Одна бы я не справилась...
Телефон зазвонил снова.
− Я не могу...
− Умоляю, Лу, перезвони в течение часа! Спаси меня!
Короткие гудки. Есть же люди... Ничего святого... Знает ведь,
где я и зачем. Лучшая подруга называется... Вместо того чтобы
быть рядом...
Через час я позвонила. Куда деваться? Ведь и я − ее лучшая
подруга...
***
На самом деле меня зовут Астрид. Так захотел отец. А мама настояла
на втором имени − Людмила. Во всех документах я Астрид Л.
Луцке, а зовут меня все − и друзья, и мама, и даже отец
− исключительно Лу.
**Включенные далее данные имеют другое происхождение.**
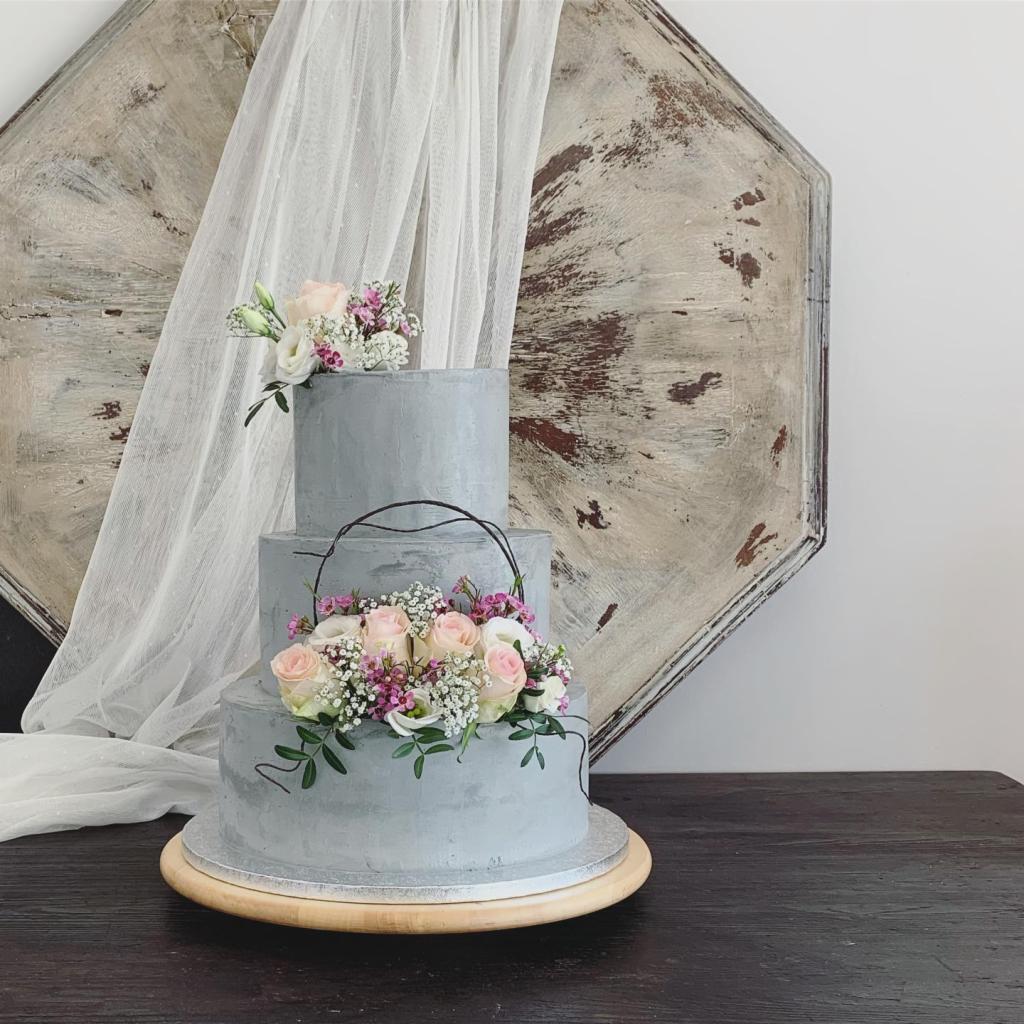 Trzypiętrowy tort weselny w odcieniach szarości, udekorowany kompozycjami z różowych i białych róż oraz drobnych kwiatów, na drewnianym podkładzie, z dekoracyjną tkaniną i drewnianą ozdobą w tle.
Лу так Лу. Мне даже нравится. А после
прочтения «Когда Ницше плакал...» Ялома − вообще возгордилась.
Правда, Софьины близнецы зовут меня тетей Люсей, но это разрешено
только им.
Честно говоря, звонить Соньке мне не хотелось. Знаю я ее «Спаси!!!»
Проездной не может найти или с близнецами посидеть некому... Я
любимейшего друга похоронила, верного и ласкового, а у нее утюг
сгорел. Или дверь захлопнулась. И не она ко мне придет утешать
− а я к ней потащусь. С утюгом или миксером. Которые, кстати,
потом год не допросишься назад...
Но с другой стороны: у меня есть выбор? Нет. Ну так и не о чем
говорить...
***
…То, зачем она меня оторвала от прощания с Главным Существом моей
жизни, было верхом бесстыдства.
Когда я подходила к ее дому, мне было интересно, сумеет ли эта
коза сыграть роль глубоко сочувствующей родственницы (она и в
самом деле чуть-чуть моя родственница: вторая жена моего бывшего
мужа. Я была третьей. О муже уже и помина нет, а мы с ней дружим.
Если это можно назвать дружбой).
Я даже злорадствовала в душе. Ну-ну, покажи свою преданность,
сыграй безутешность. Собак она терпеть не могла, а с моим Бородавчиком
у них была полная идиосинкразия. На дух друг друга не переносили.
Но если кто-то кого-то не любит, он ведь, если, конечно, человек
интеллигентный, − не станет хлопать в ладоши и кричать скорбящим
родственникам: «Ур-ра! Слава Небесам, дождались! Избавились! Чтоб
там его любили больше, чем тут…». Он состроит соответствующее
лицо, произнесет соответствующие слова. Но это, разумеется, если
речь идет об интеллигенте. Сонька была так занята своими проблемами,
что не удосужилась хотя бы вздохнуть сочувственно, потрепав меня
дружеской рукой по ссутулившейся от горя спине…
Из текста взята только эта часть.